The link, however, comes through nicely in this El Nacional story. Venezuela has been importing 108 thousand barrels a day in gasoline and components, all to be used in giving gasoline away to Venezuelan consumers for free.
It’s one thing to have a ridiculous subsidy when the thing you’re giving away is being produced internally. Here, the cost is mostly an opportunity cost.
But when you have to import the gasoline you give away, that creates an immediate impact on your cash flow, on the government’s wallet.
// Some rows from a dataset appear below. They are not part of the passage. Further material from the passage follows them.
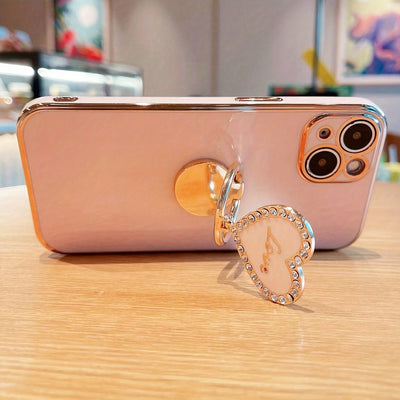 Mobile Phone Case With Electroplated Metal Folding Rotating Bracket Suitable For Iphone 7 8 XR XS 11 12 13 14 15 Pro Max Plus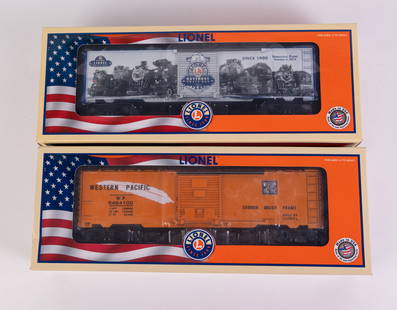 Two Lionel Trains in Original Box: Two Lionel Trains in Original Box: Lionel 2015 NLTD Box Car in original box - Lionel Western Pacific Boxcar w/ black letters in original box Size 3" x 13" x 5" Literature  Brooks Auction is not respon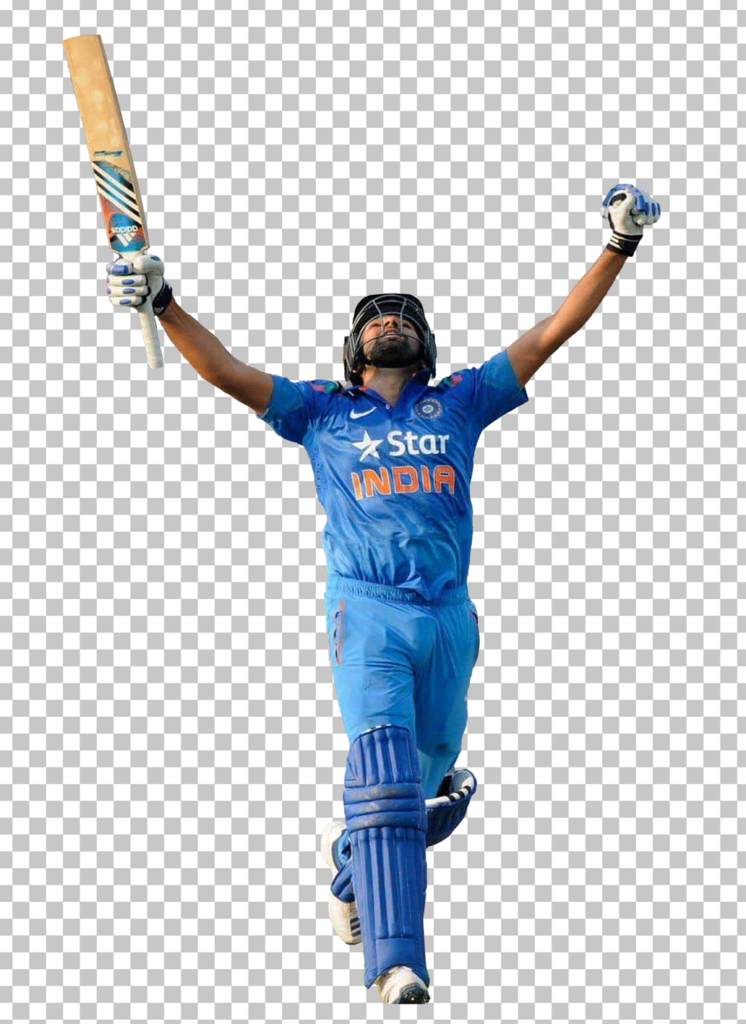India cricket player Rohit Sharma is celebrating in a PNG image.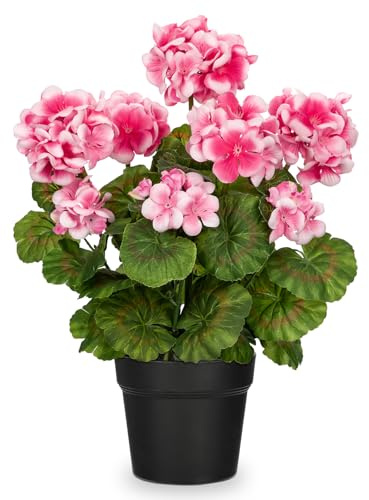 Briful Artificial Geranium Potted Plant – 16” Tall, Realistic Silk Flowers with Vibrant Green Leaves, Pink White Geraniums Fake Flowers for Outdoors Home Décor, Wedding Farmhouse Office Tables Decor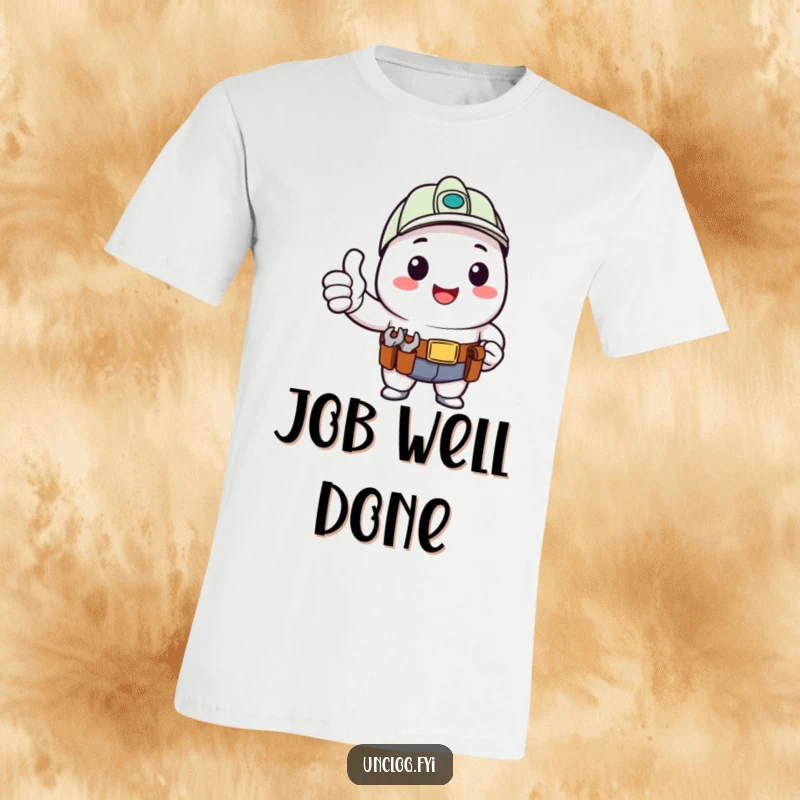 Funny T-Shirt with a kawaii character giving a happy thumbs up with a tool belt, perfect for builders and DIY fans.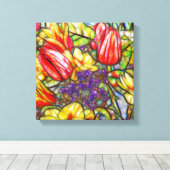 Tulpen en bladdoek, gevlekt canvas afdruk (Insitu (Houten vloer))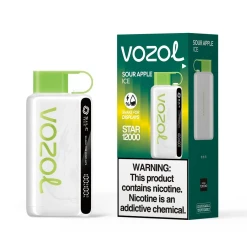 Vozol Star 12000 PUFF Disposable - SOUR APPLE ICE - ( RECHARGEABLE )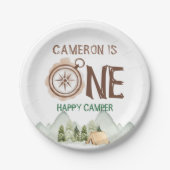 Een Happy Camper Mountains 1e verjaardag Papieren Bordje (Voorkant)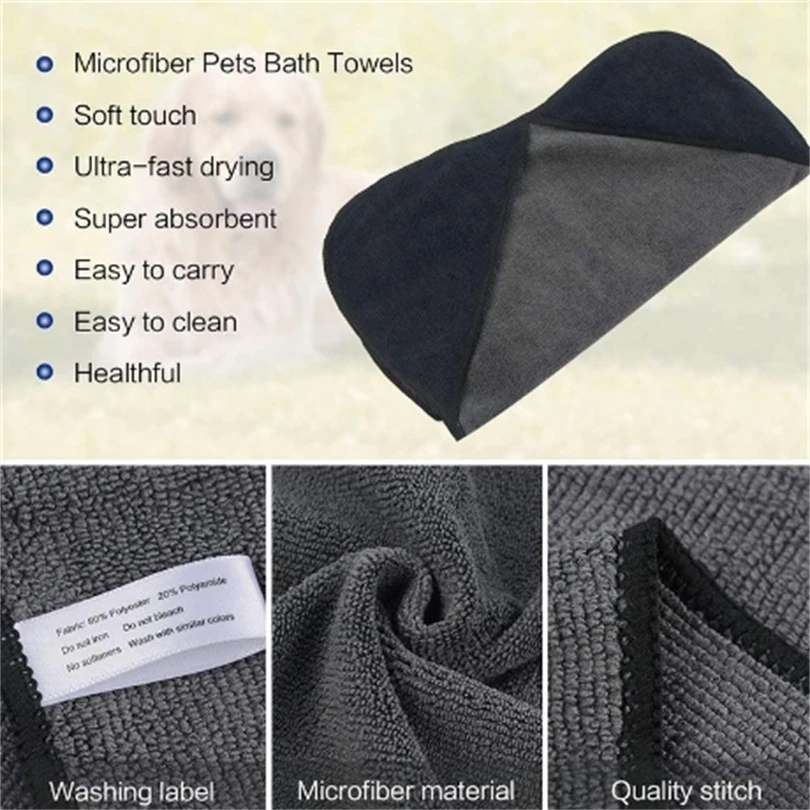 Super Absorbent Quick Drying Towels Microfiber for Dogs Cats for Allow Pets to Dry Off Quickly After Bathing Pet Bath Towel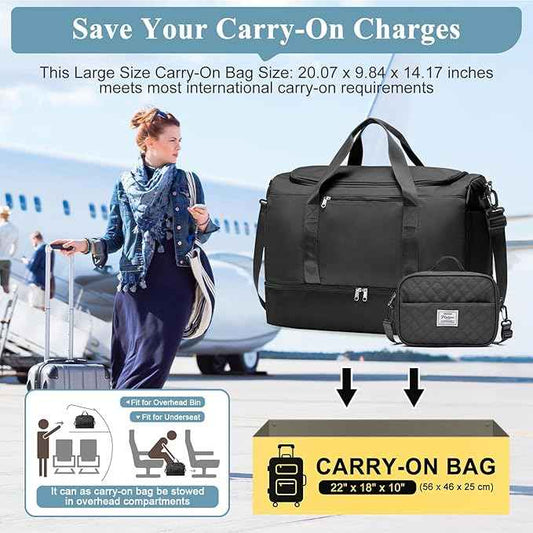 Large Travel Duffle Bag,Carry on Overnight Bag with Shoes Compartment,Weekender Bags for Women for Travel Business Trips Sport Hospital,3 Pcs Set,Black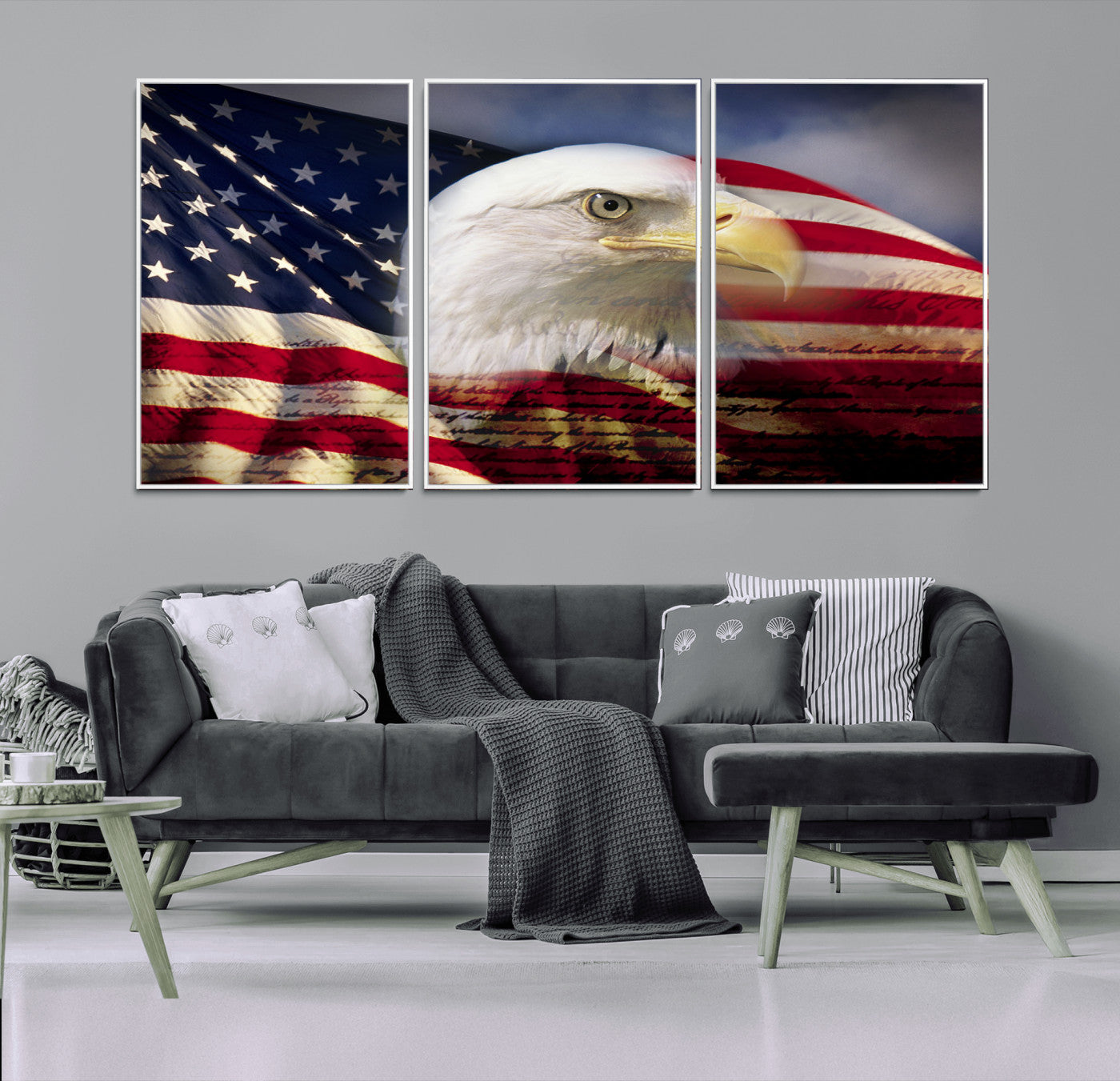MGV-FC-60X30-3P - American Flag Eagle Symbol Wall Art, American Flag Eagle Wall Art Canvas Print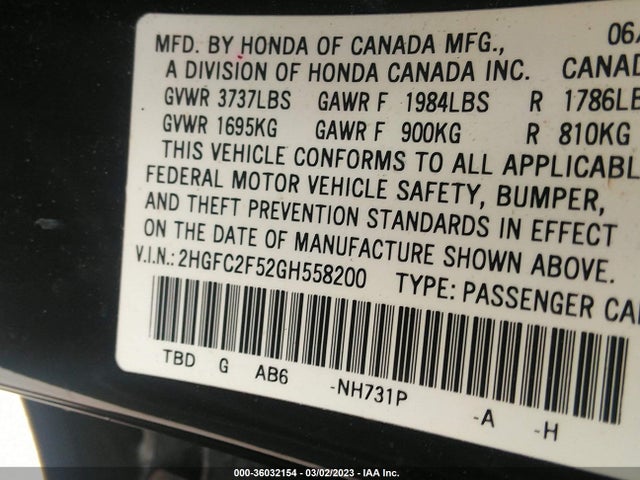 2016 HONDA CIVIC SEDAN LX VIN: 2HGFC2F52GH558200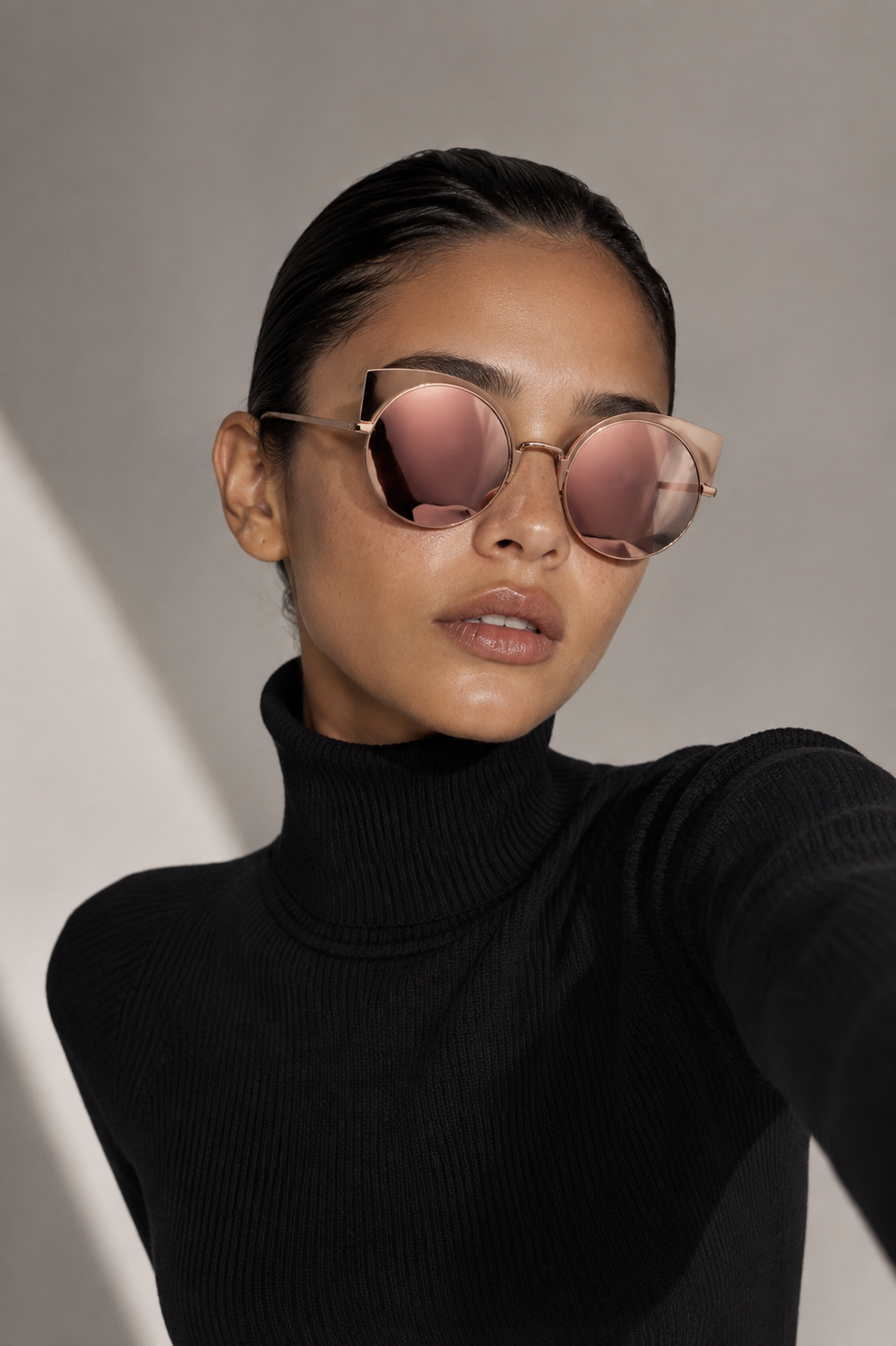 Fendi FF0177/S Z5D0J Rose Gold Round Cat-Eye Sunglasses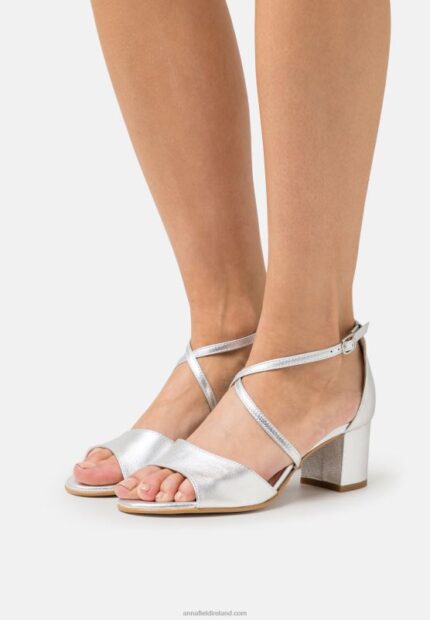 Z62T1427 Women Anna Field Leather Sandals Silver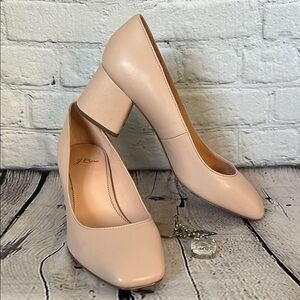 J.Crew NUDE Leather Pumps with a square toe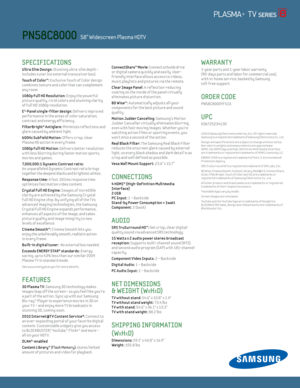 Page 2SPECIFICATIONS 
U ltra Slim design: Stunning ultra-slim depth –  
includes tuner (no external transceiver box).
Touch of Color™: E xclusive Touch of Color design 
combines texture and color that can complement 
any room.
1080p Ful l H d Resolut ion: Enjoy the powerful 
picture quality, v iv id colors and stunning clar ity 
of Ful l HD 1080p resolut ion.
E
3-Panel single-f ilter design: Delivers improved 
performance in the areas of color saturat ion, 
contrast and energy eff iciency.
FilterBright®...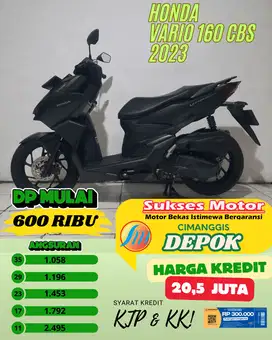 HONDA VARIO 160 CBS TAHUN 2023 KTP DAERAH RUMAH SEWA DI BANTU ACC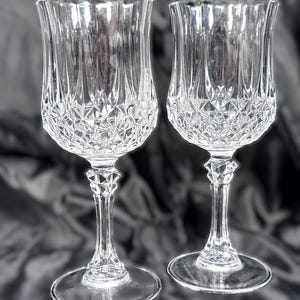 Vintage Cut Glass Wine Goblets Set of 2 – Pressed Crystal Style Stemware – Elegant Dining Glasses – Cottage Chic Table Decor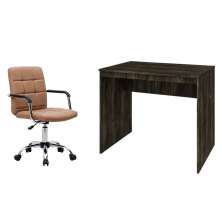 Conjunto de Mesa Office Carvalho Dark com Cadeira de Escritório Secretária Giratória Fitz Marrom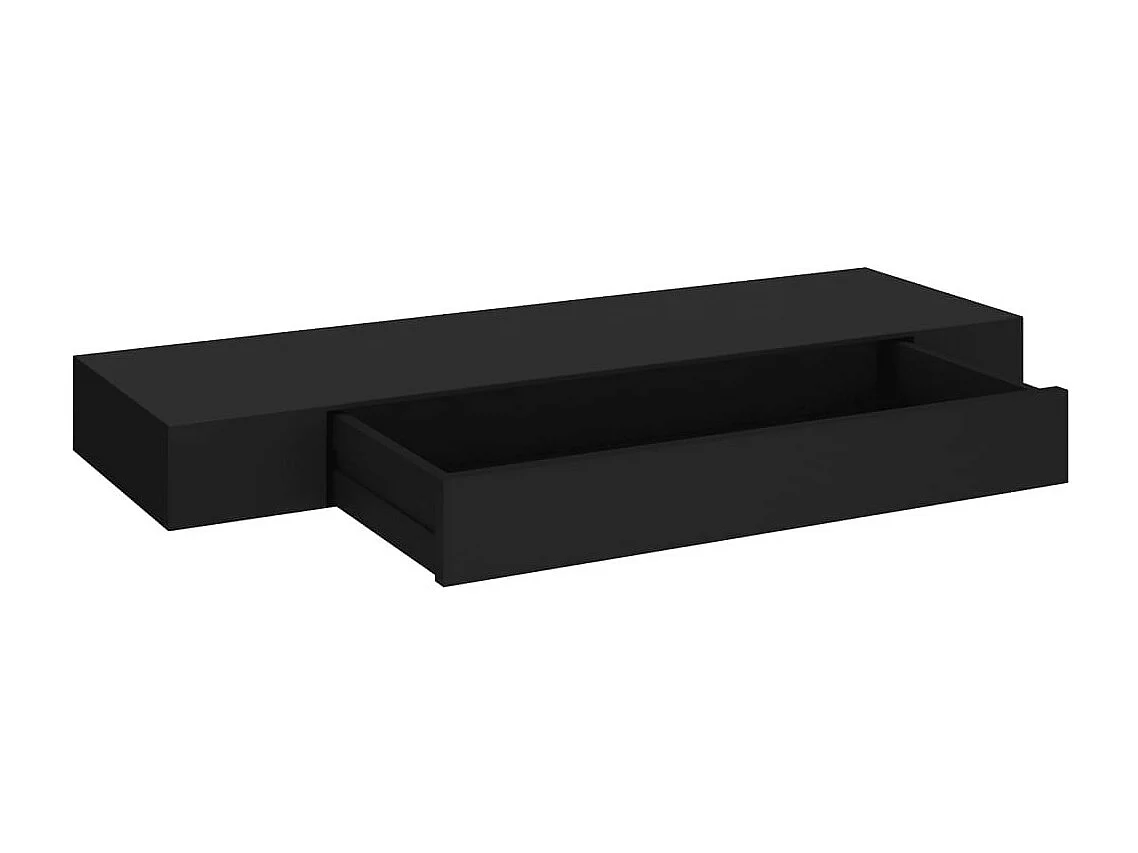 Étagère murale flottante avec tiroir Noir 80x25x8
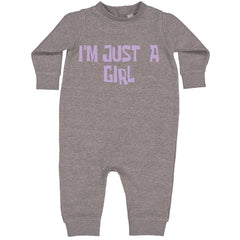 I'm Just A Girl Guts Music Toddler Hoodie And Infant Fleece Romper Heather Grey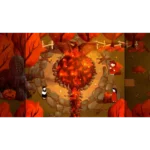 Triptych illustration of an autumn forest with a large fiery phoenix-like blaze at the center, surrounded by small, stylized figures along a stone path.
I wouldn’t venture to speculate the direct cost of these imports, but even if we were to use the low benchmark of $100 per barrel of gasoline, we’d be talking about $10.8 million per day, almost $2 billion for the semester. (The real figure is definitely higher, since a barrel of gasoline is more expensive than a $100 barrel of crude).
Add to that the money PDVSA needs to invest in order to bring the refinery back to speed – typically these things are insured, but I’m not holding my breath before we found out the policies had lapsed – and you have an important catalyst in causing a fiscal crisis to go from bad to worse.
Amuay didn’t cause the economic crisis. But my hunch is that, when all is said and done, we will find out that one of the casualties of Amuay was Venezuela’s public finances.